Transcribe the whole listing below without changing a word, but leave out every image.

■ **Source material**
<<<<

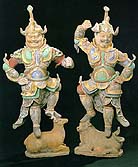 A pair of painted earthenware "Lokopala," Tang dynasty, early 8th century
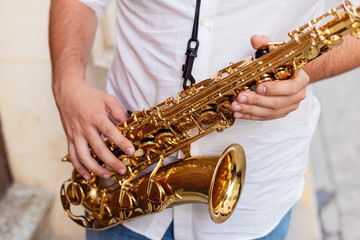 Close up of a man holding his saxophone on the street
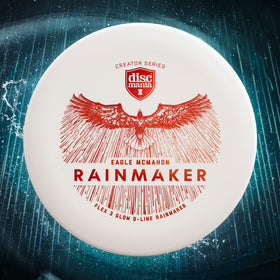 Discmania Eagle McMahon Rainmaker Glow sits ready for precise short-range putts.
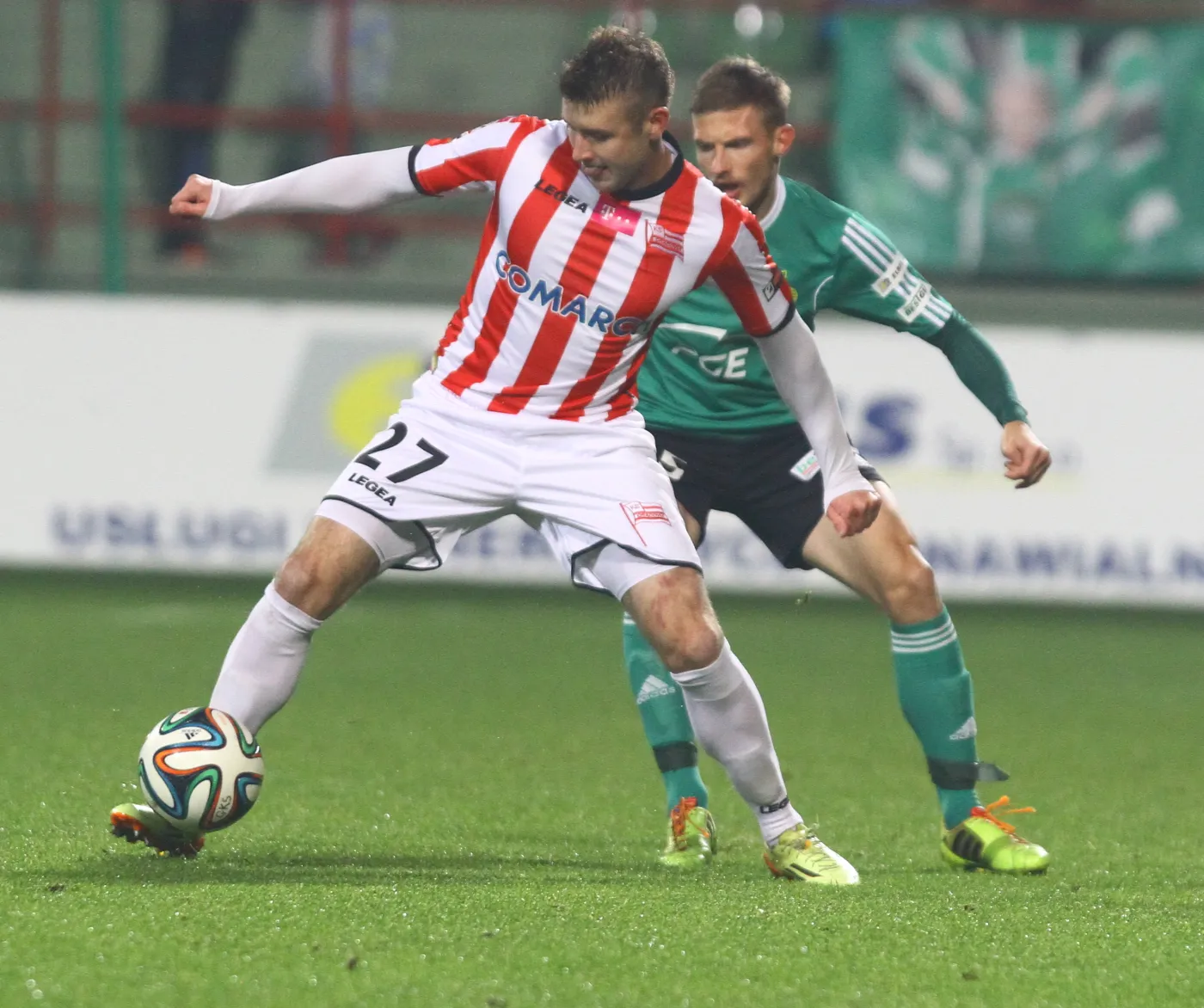 W akcji z piłką Marcin Budziński (L) z Cracovii przed Adamem Mójtą (P) z miejscowego GKS w meczu T-Mobile Ekstraklasy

>>>>

■ **Solution for this problem**
 A pair of painted earthenware "Lokopala," Tang dynasty, early 8th century
 Close up of a man holding his saxophone on the street
 Discmania Eagle McMahon Rainmaker Glow sits ready for precise short-range putts.
 W akcji z piłką Marcin Budziński (L) z Cracovii przed Adamem Mójtą (P) z miejscowego GKS w meczu T-Mobile Ekstraklasy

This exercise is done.